A jury-led inquest at Exeter County Hall, which lasted seven weeks, has found failures by Devon and Cornwall Police did cause or contribute to his death.
The jury also found the use and manner of the emergency response belt (ERB) as Thomas was carried to his cell, and inside the cell, was not necessary and reasonable.
In 2017, a custody sergeant and two detention officers were cleared of manslaughter following a six-week trial.
Police were later fined more than £230,000 in a health and safety case, but a judge ruled they could not be sure the ERB was a contributory factor in Mr Orchard’s death.
Thomas Orchard’s family said it had been a “torturous” 11-year wait for answers.
“It’s made us as much victims as Tom really, in some ways,” said his sister Jo Orchard.
“Eleven years, it’s affected everything; our work, our families, everything.
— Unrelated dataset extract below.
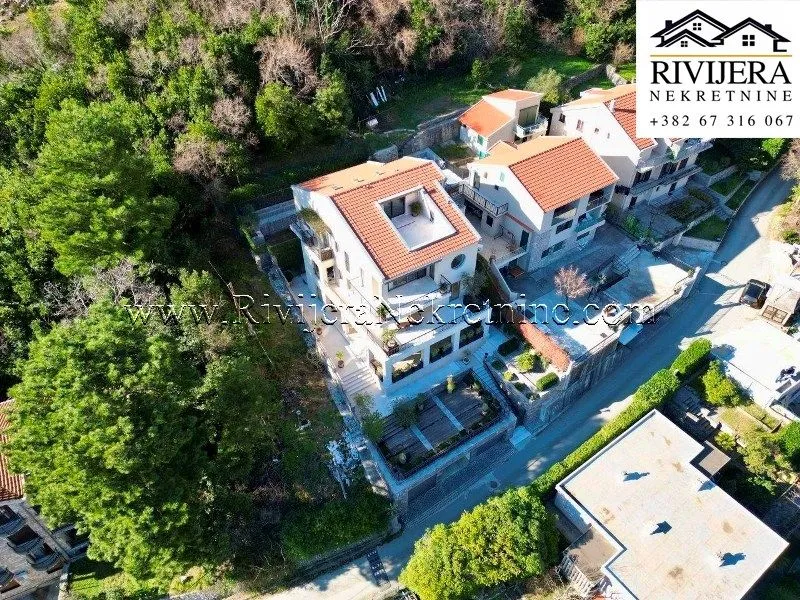 Prodaja, dvosoban stan, 161m², Muo, Kotor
And it’s really made us disillusioned with the system – particularly the police force.
“Whenever we hear a siren it fills us with absolute dread.
“There is no way we want to go to the police when we need help – it’s affected us all.”
Devon and Cornwall’s acting chief constable, Jim Colwell, offered an “unreserved apology” and called it a “tragic event”.
“We accept and respect the conclusions reached by the jury in this inquest. Their conclusions have provided answers to a number of long-standing questions,” he said.
Mr Colwell admitted there had been failings and said the force’s thoughts remained with Mr Orchard’s friends and family, as well as “a number of colleagues”.